Atravesó pequeñas poblaciones, los perros le siguieron ladrando y galopando tras su caballo. Se encontraba entonces en la provincia de Decápolis y la gente empezaba a parecer más rubia y alta, de ojos azules o grises, con cabellos y barbas de moreno claro. Cuando pasaba un rebaño de cabras por la carretera, el campesino le miraba, sonriéndole y le saludaba con su cayado. Al atravesar un pueblo, pasó junto a una pequeña casa de un carpintero. El hombre estaba rodeado por sus cuatro hijos y ellos hablaban mientras trabajaban sobre un trozo de madera tosca que desprendía un olor resinoso. Lucano pensó en Jesús y en su padre. Así había trabajado Él, con el martillo, la escarpa y el serrucho, dando forma al sencillo mobiliario del campo. Así le había aconsejado para clavar un clavo torcido. Y se sintió más cerca de Cristo estando cerca de los carpinteros, que en Jerusalén o con Juan y Santiago. Una mujer salió de la casa con un jarrón de leche y unas tazas; padre e hijos dejaron de trabajar para beber con fruición. La mujer sostenía el jarro con sus manos, sonriendo a Lucano. ¿Habría aparecido la madre de Cristo así, para refrescar a su hijo y a su esposo?

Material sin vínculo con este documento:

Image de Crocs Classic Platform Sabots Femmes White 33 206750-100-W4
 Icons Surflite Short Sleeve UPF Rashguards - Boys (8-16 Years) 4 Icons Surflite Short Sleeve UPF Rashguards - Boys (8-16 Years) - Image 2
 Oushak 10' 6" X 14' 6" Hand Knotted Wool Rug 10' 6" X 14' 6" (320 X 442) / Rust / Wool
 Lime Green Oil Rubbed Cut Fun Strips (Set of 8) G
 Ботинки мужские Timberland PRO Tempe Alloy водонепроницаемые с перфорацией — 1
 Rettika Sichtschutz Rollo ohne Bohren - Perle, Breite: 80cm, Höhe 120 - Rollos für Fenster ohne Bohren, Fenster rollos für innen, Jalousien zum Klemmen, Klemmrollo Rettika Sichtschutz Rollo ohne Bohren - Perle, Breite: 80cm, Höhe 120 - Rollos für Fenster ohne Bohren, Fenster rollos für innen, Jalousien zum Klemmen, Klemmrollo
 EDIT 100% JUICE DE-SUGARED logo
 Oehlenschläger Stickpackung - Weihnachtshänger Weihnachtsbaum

Debía continuar hasta el mar de Galilea, pero el crepúsculo empezó a extenderse sobre la provincia de Galilea. Encontró una pequeña posada precisamente cuando la noche se echó encima. Estaba en el país de Jesús y cuando se envolvió en su manta y miró a su alrededor en aquel lugar pobre, tuvo la sensación de haber llegado a casa.